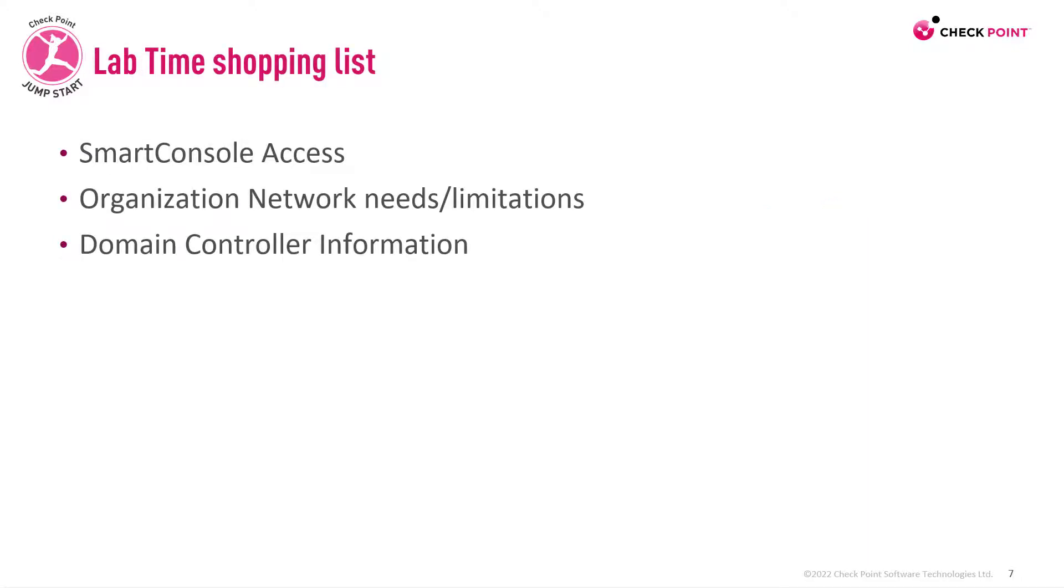This demo is going to be really simple. You will need to have smart console access, your organizational needs and information about your domain controller, its IP address, the domain name, the credentials of course, and to make sure that you do have connectivity to it.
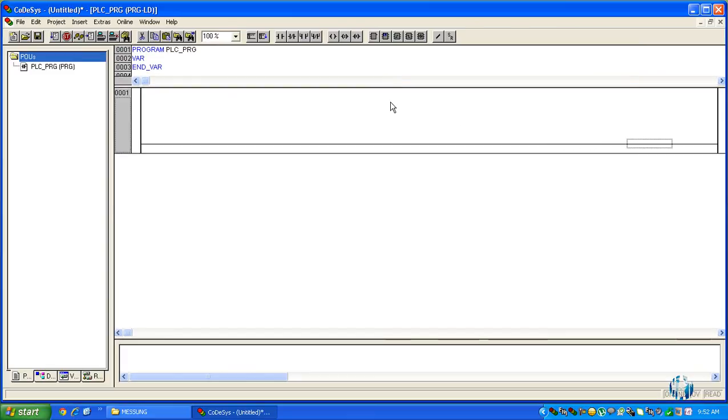Now you are able to program the PLC. Thank you for watching this video. I hope this video will be helpful for you. Thank you.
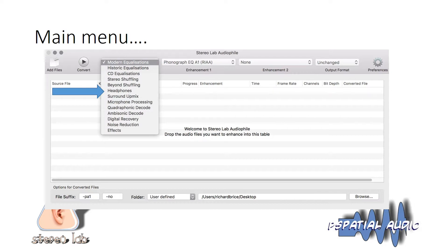We now come to two headphone algorithms — both designed entirely for headphones. Neither of these algorithms are suitable for loudspeaker reproduction.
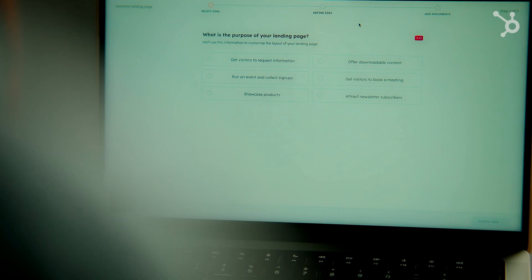We've also streamlined the Content Agent user experience. Take landing page creation, for example. We've simplified the process of selecting the goal for your landing page, allowing you to go from concept to published page in just a few minutes. Once you select the goal, the Content Agent will go to work, optimizing every element of the page for maximum conversion potential.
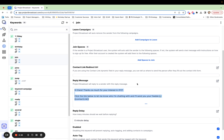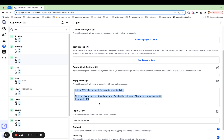The reply message says: 'Hi there. Thanks so much for your interest in this thing. Click the link below to let me know who I'm chatting with and I'll send you your freebie.' This contact link is totally optional — I will link a video in the description below on exactly what this means, but basically it collects some information from people for you automatically. The reply message itself is a super important part to make sure they automatically get a reply upon sending that keyword.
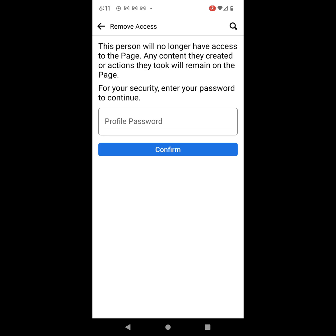This is new. What you want to do is go ahead and just read what this says. This person will no longer have access to the page. Any content they created or actions they took will remain on the page. But you need to go ahead and enter your password. Once you enter your password, you click Confirm and then it should delete the person from the page. I'm not going to do that because I don't want to delete anyone from this page.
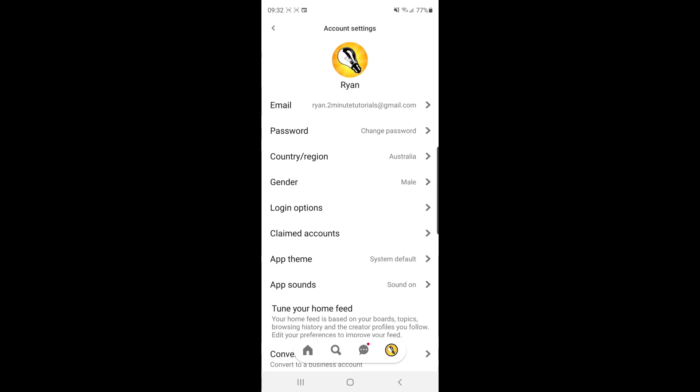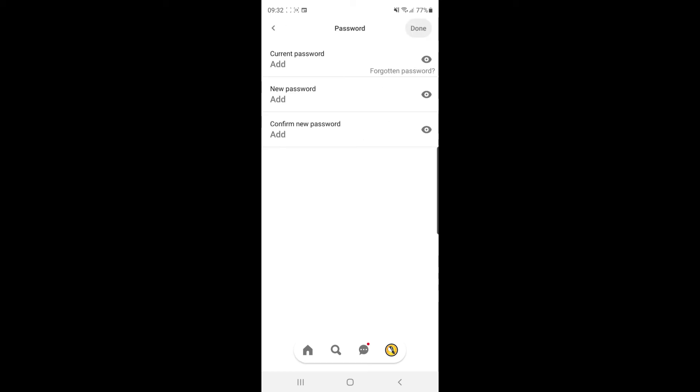Once you do that, you can see under email there's an option for your password. If you click on that it will allow you to change it.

**WORK ITEM**
All of the material should be reproduced exactly, apart from the pictures.

**RESPONSE TO THIS TASK**
This demo is going to be really simple. You will need to have smart console access, your organizational needs and information about your domain controller, its IP address, the domain name, the credentials of course, and to make sure that you do have connectivity to it.
Now you are able to program the PLC. Thank you for watching this video. I hope this video will be helpful for you. Thank you.
We now come to two headphone algorithms — both designed entirely for headphones. Neither of these algorithms are suitable for loudspeaker reproduction.
We've also streamlined the Content Agent user experience. Take landing page creation, for example. We've simplified the process of selecting the goal for your landing page, allowing you to go from concept to published page in just a few minutes. Once you select the goal, the Content Agent will go to work, optimizing every element of the page for maximum conversion potential.
The reply message says: 'Hi there. Thanks so much for your interest in this thing. Click the link below to let me know who I'm chatting with and I'll send you your freebie.' This contact link is totally optional — I will link a video in the description below on exactly what this means, but basically it collects some information from people for you automatically. The reply message itself is a super important part to make sure they automatically get a reply upon sending that keyword.
This is new. What you want to do is go ahead and just read what this says. This person will no longer have access to the page. Any content they created or actions they took will remain on the page. But you need to go ahead and enter your password. Once you enter your password, you click Confirm and then it should delete the person from the page. I'm not going to do that because I don't want to delete anyone from this page.
Once you do that, you can see under email there's an option for your password. If you click on that it will allow you to change it.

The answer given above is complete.